Protokoll der Sitzung vom 23.07.2014

Herr Präsident, liebe Kolleginnen und Kollegen! Durch Beschluss des Landtags vom 25. Juni 2014 ist der Gesetzentwurf an den Ausschuss für Umwelt, Landwirtschaft, Ernährung, Weinbau und Forsten – federfüh- rend – und an den Rechtsausschuss überwiesen worden. Der Ausschuss für Umwelt, Landwirtschaft, Ernährung, Weinbau und Forsten hat den Gesetzentwurf in seiner 34. Sitzung am 15. Juli beraten. Der Rechtsausschuss hat den Gesetzentwurf in seiner 34. Sitzung am 17. Juli beraten. Beide Ausschüsse empfehlen mit den Stimmen der SPD und des BÜNDNIS 90/DIE GRÜNEN gegen die Stimmen der CDU die Annahme des Gesetzentwurfs.

(Beifall bei CDU und SPD)

Jetzt habe ich noch keine Wortmeldung vorliegen. – Der Kollege Reichel hätte sich den Weg sparen können. Herr Kollege Reichel von der CDU hat das Wort.

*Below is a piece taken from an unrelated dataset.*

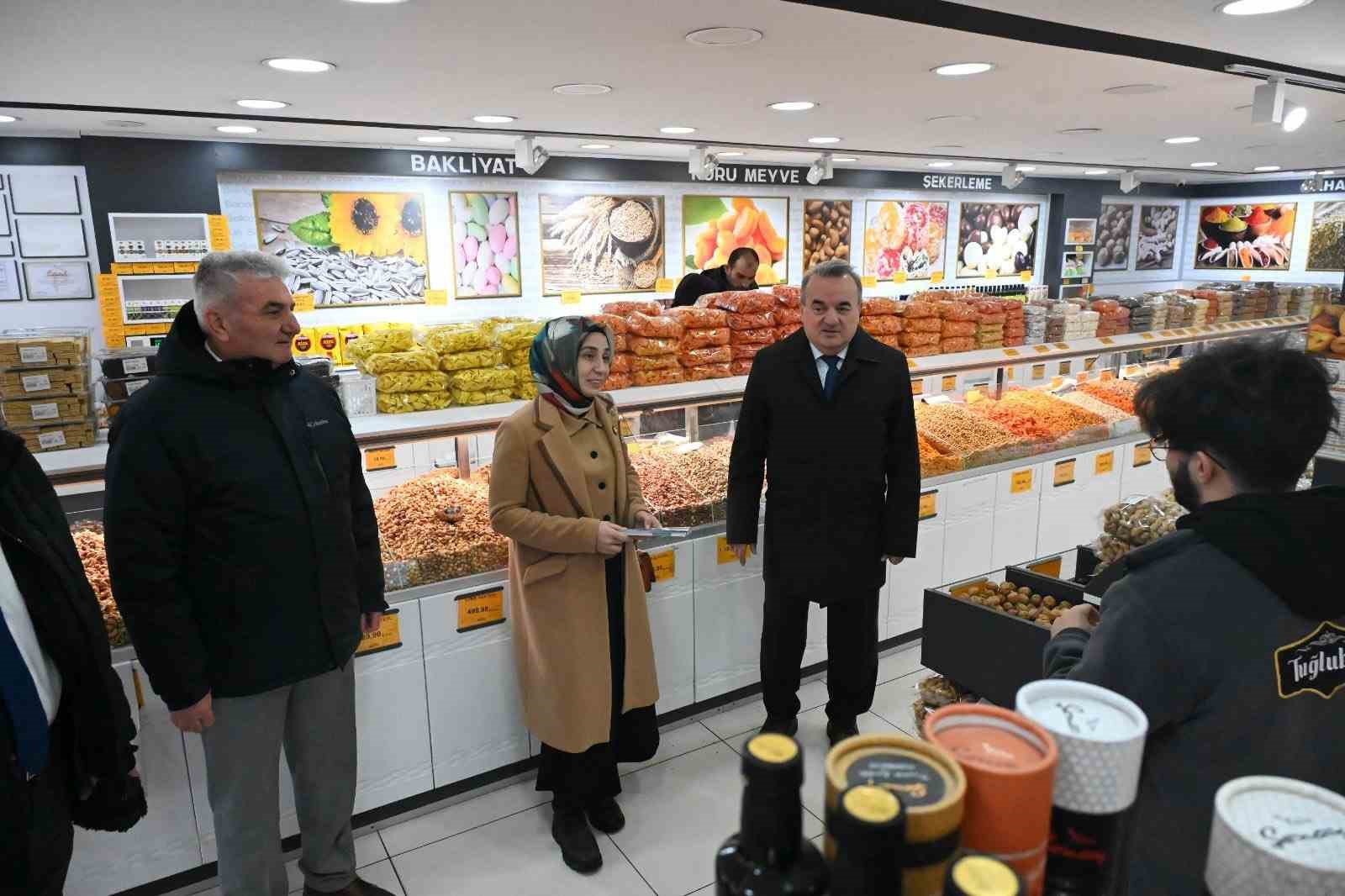 Bilecik’te esnafa bağımlılıkla mücadele bilgilendirmesi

Es ist schön, wenn man sich nachmittags noch einmal bewegen kann.

Herr Präsident, liebe Kolleginnen, liebe Kollegen! Bei der letzten Plenarsitzung habe ich deutlich gemacht, welchen Stellenwert die Umweltbelastung gerade in Städten und Ballungsgebieten wie bei uns im Rhein-Main-Gebiet hat und wie die Menschen dadurch immer mehr beeinträchtigt werden. Am Ende meiner damaligen Ausführungen habe ich signalisiert, dass die CDU nach den Ausschussberatungen, wenn alle Fragen gestellt und beantwortet sind, eine Gesamtbewertung vornehmen wird. Leider hat die Ausschussberatung nicht zur Beantwortung unserer Fragen beigetragen, sondern im Gegenteil weitere Fragen aufgeworfen. Bei genauerem Hinsehen und in Kenntnis verschiedener Stellungnahmen, die uns allerdings leider nicht von der Regierung zur Verfügung gestellt wurden, haben wir im Ergebnis eine ablehnende Gesamtbewertung vornehmen müssen. Deshalb werden wir heute diesem Gesetzentwurf nicht zustimmen.

(Beifall der CDU)

Für die Fraktion BÜNDNIS 90/DIE GRÜNEN hat Frau Kollegin Neuhof das Wort.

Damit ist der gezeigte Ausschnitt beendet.